日本の若い世代の目は、海外の同世代と比べると、圧倒的に内向きで、外には向いていないようです。

 

増える世界の留学生 激減の日本人留学生

2000年の5万8931人から半減

 

 世界で37位、約3万人という数字以上に、日本にとって悲観的なデータがあります。対2000年比の数字です。

 2000年の日本人留学生は5万8931人。2017年の約2倍です。

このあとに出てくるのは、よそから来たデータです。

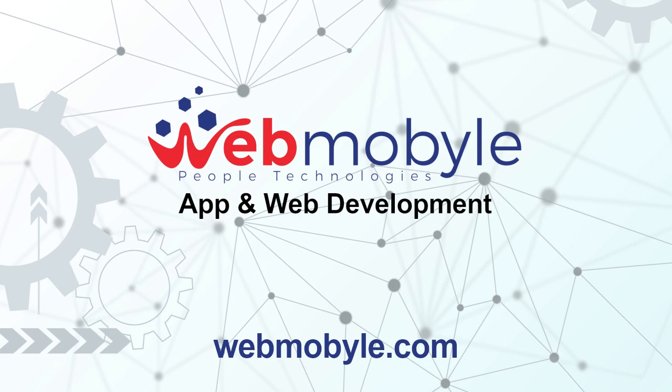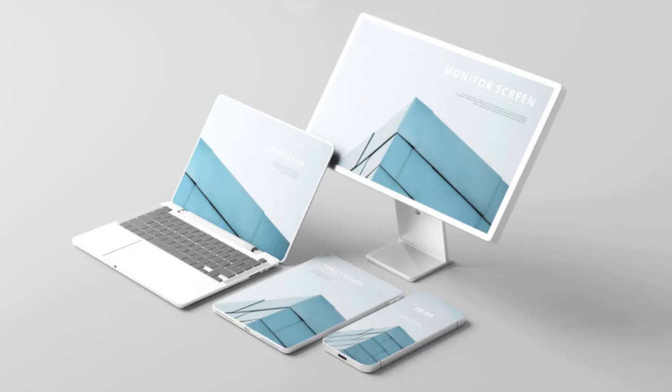Installable. Allow users to keep apps they find most useful on their home screen without the hassle of an app store. Linkable. Easily shared via a URL and do not require complex installation.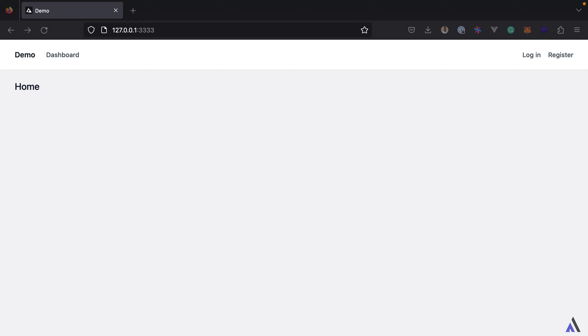In addition to being able to log in using the code generated from the Authenticator apps, users will also be able to log in with a recovery code. Recovery codes are automatically generated once a user enables two-factor authentication. As the name implies, recovery codes are meant to serve as backup for when a user is unable to access their Authenticator app.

日本からの留学生は2000年代に入ってどんどん減ってきています。

 

 1990年代初頭にはじけたバブル期以降の「失われた20年」や「失われた30年」といわれる経済の低迷、国力の低下と歩調を合わせるように留学生数は減ってきています。

 

留学にはお金がかかります。

お金を出す親の側からみると、先進国では日本だけが1997年から実質賃金の低下が続いています。また、学生からすると、国内での就職を考えた場合、企業や組織の風土として、留学はリスキーでメリットよりもデメリットが大きいのかもしれません。ならば、グローバルな時代、海外企業を目指せばいい。しかし、そうならないのが当世日本の学生気質なのでしょう。

 

経済発展著しいアジアの留学生が急増

 

2000―2017年の間、世界の留学生は約2.5倍に増えています。中国は前述したように、その倍の約5.6倍です。ドイツも倍増、韓国は3万5千人増えています。経済発展著しいアジアの国々もベトナムが9130人→8万9094人、マレーシア4万5807人→6万4187人、バングラデシュ8768人→5万55787人と、大きく人数が増えています。

 

異文化の中で育まれる人間力が、やがて国力になる

 

 留学生数の推移を見ると、世界の潮流に背を向けて、ひとり孤独の道を歩んでいる日本の姿がみえます。

 

 スキルだけでなく、判断、洞察、会話、忍耐などトータルの人間力、マンパワーは同質の社会よりも異文化の中で鍛えられ、培われます。留学生数の増減は、いずれ国力の違いとあって現れるでしょう。